All Aboard the ALSP Train!

Next year I will have the distinct pleasure of serving on the national board of the Association of Litigation Support Professionals (ALSP). Although I have been on several boards in the past (including Valora’s, of course) and I have been involved in countless litigation industry associations, I have never had the option to combine those two, and I am eager to give it a go.

Serving on a board is a strange mix of honor and stress, much like parenting. You give your best ideas, efforts (and often money) to the organization on whose board you sit and you represent that honorable group to the community. You are a walking embodiment of the organization itself. Its goals become your badges of honor and its achievements become your glories.

At the same time, you absorb the pain and stress that comes from non-profit organizations struggling to achieve impossible things, with impossible budgets and ever-competing mindshare among constituents.
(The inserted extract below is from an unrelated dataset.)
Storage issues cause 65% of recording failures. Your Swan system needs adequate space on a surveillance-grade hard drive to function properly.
Just like above, the organization’s troubles become your troubles and you come to represent its unseen drama and turmoil.

As for the litigation industry, ALSP holds a unique position. There are lots of regional and job classification groups, but none that span the gamut like ALSP. ALSP includes anyone involved in litigation, be they vendors, attorneys, paralegals, litigation support personnel, government agencies and corporate GC’s. All it takes to be a part of ALSP is a willingness to belong and to contribute to the common good. There is no exclusivity and no hierarchy. Simply an egalitarian group aiming to better the profession.
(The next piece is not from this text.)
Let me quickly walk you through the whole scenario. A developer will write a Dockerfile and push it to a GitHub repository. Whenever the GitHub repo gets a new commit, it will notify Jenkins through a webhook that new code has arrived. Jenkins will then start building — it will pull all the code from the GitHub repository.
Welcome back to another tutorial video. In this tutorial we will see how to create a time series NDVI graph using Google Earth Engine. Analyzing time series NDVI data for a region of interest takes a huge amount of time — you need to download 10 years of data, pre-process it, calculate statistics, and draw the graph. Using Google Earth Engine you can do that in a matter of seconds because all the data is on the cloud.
I look forward to serving on the board of such an honorable and class-free institution. Here’s to you, ALSP! Thanks for having me aboard.

Tuesday, December 1, 2009

Stuck in the Past

Remember rotary phones? Black & white tv? Vinyl albums? While these have all been long ago replaced by better solutions, there are still many of them in actual use today. It’s hard to imagine, but did you know that the old touch phone (last updated in 1968) is still being produced and sold today1?

I am mentioning this because it is analogous to what is going on with electronic discovery and duplicate files. Up to 10% of electronic discovery populations are never de-duped at all, according to a recent survey of top EDD providers. Valora was fortunate to participate in the survey and see early access to its results, but they weren’t pretty. It seems that nearly half of all electronic discovery populations get, at best, a simple within custodian de-dupe effort, while the results of cross-custodian de-duping are clearly spelled out in financial terms.

Why is this? Is it just that some customers are obstinate and refuse to try anything new? I doubt it. I think it is the same reason that people still use their rotary phones and listen to records. They are comfortable, familiar, safe and well understood. Simple removal of duplicates inside a single custodian, or no removal of duplicates is comfortable and easy to understand. Furthermore, it cements the idea that all files or documents need to be assessed individually – a belief that the legal community seems terrified to let go, even though all signs point to its eventual demise. Those who would cling to no de-duping or inferior de-duping are the same people who will avoid population analytics and automated review. Be glad they practice law and not medicine.

PS. In case you were wondering: Almost 1 billion vinyl albums were sold in 2007, up 15% from 20062.